== Segment start ==

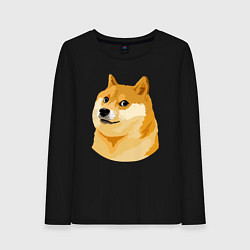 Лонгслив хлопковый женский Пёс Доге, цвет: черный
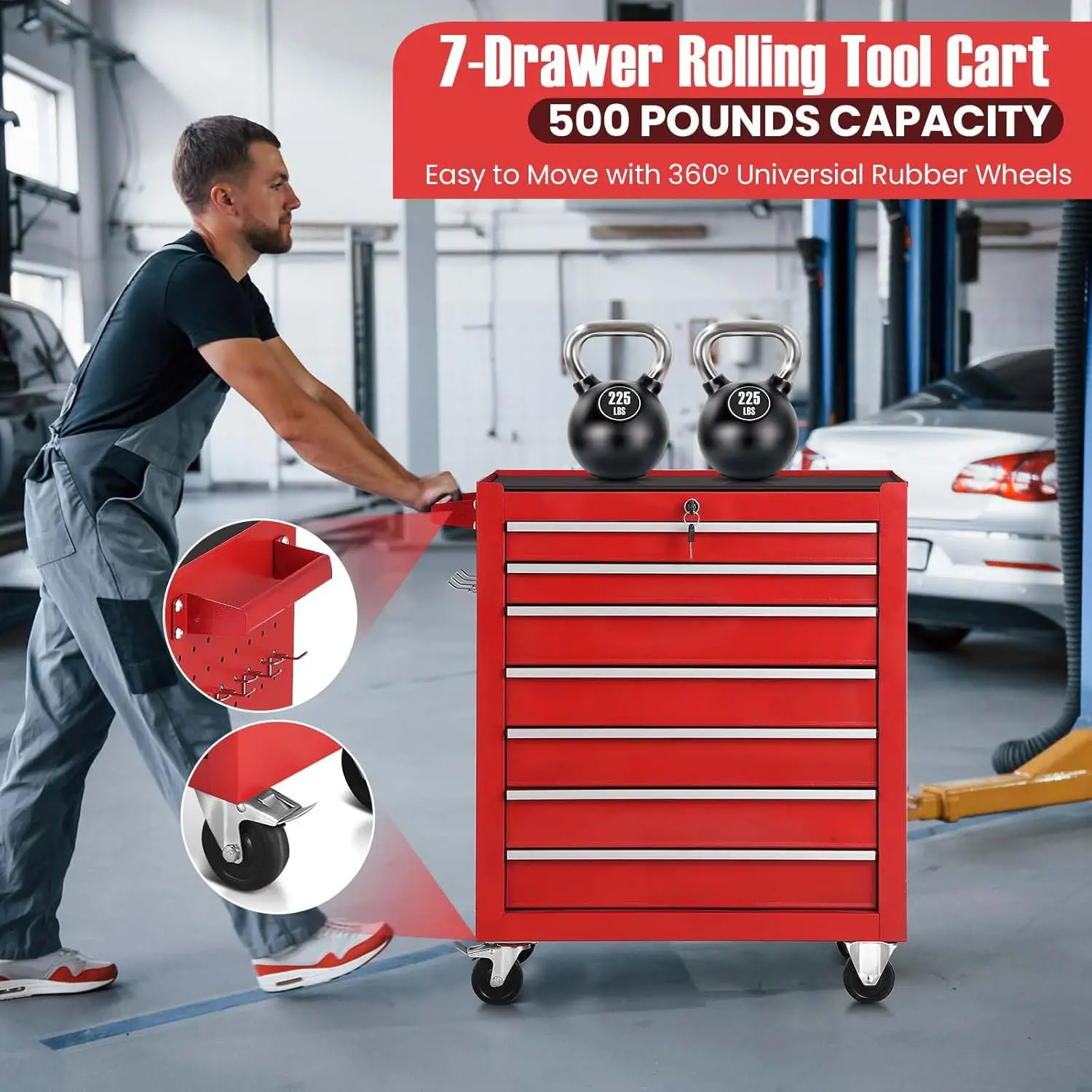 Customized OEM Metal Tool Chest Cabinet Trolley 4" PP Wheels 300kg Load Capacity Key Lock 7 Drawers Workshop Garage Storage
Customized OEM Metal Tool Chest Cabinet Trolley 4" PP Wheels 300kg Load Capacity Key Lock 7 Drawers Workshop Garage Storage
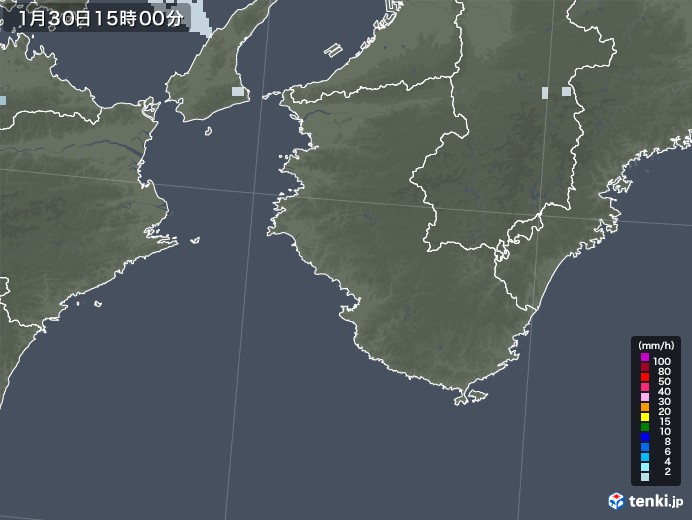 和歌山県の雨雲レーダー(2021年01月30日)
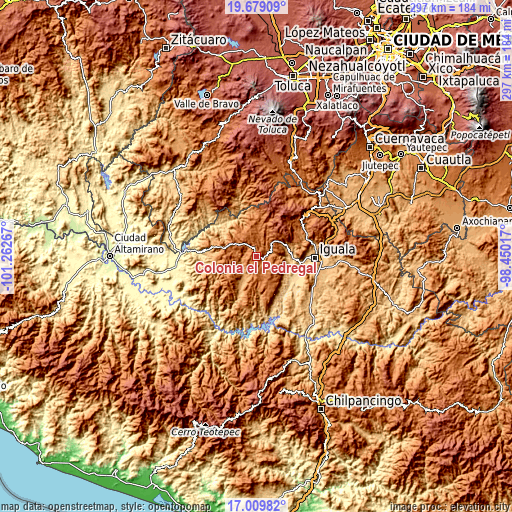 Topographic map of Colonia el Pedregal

== Segment end ==

» EXERCISE REQUIREMENTS
The expected response is every entry above, repeated exactly, pictures removed.

» ANSWER TO THIS EXERCISE
 Лонгслив хлопковый женский Пёс Доге, цвет: черный
 Customized OEM Metal Tool Chest Cabinet Trolley 4" PP Wheels 300kg Load Capacity Key Lock 7 Drawers Workshop Garage Storage
Customized OEM Metal Tool Chest Cabinet Trolley 4" PP Wheels 300kg Load Capacity Key Lock 7 Drawers Workshop Garage Storage
 和歌山県の雨雲レーダー(2021年01月30日)
 Topographic map of Colonia el Pedregal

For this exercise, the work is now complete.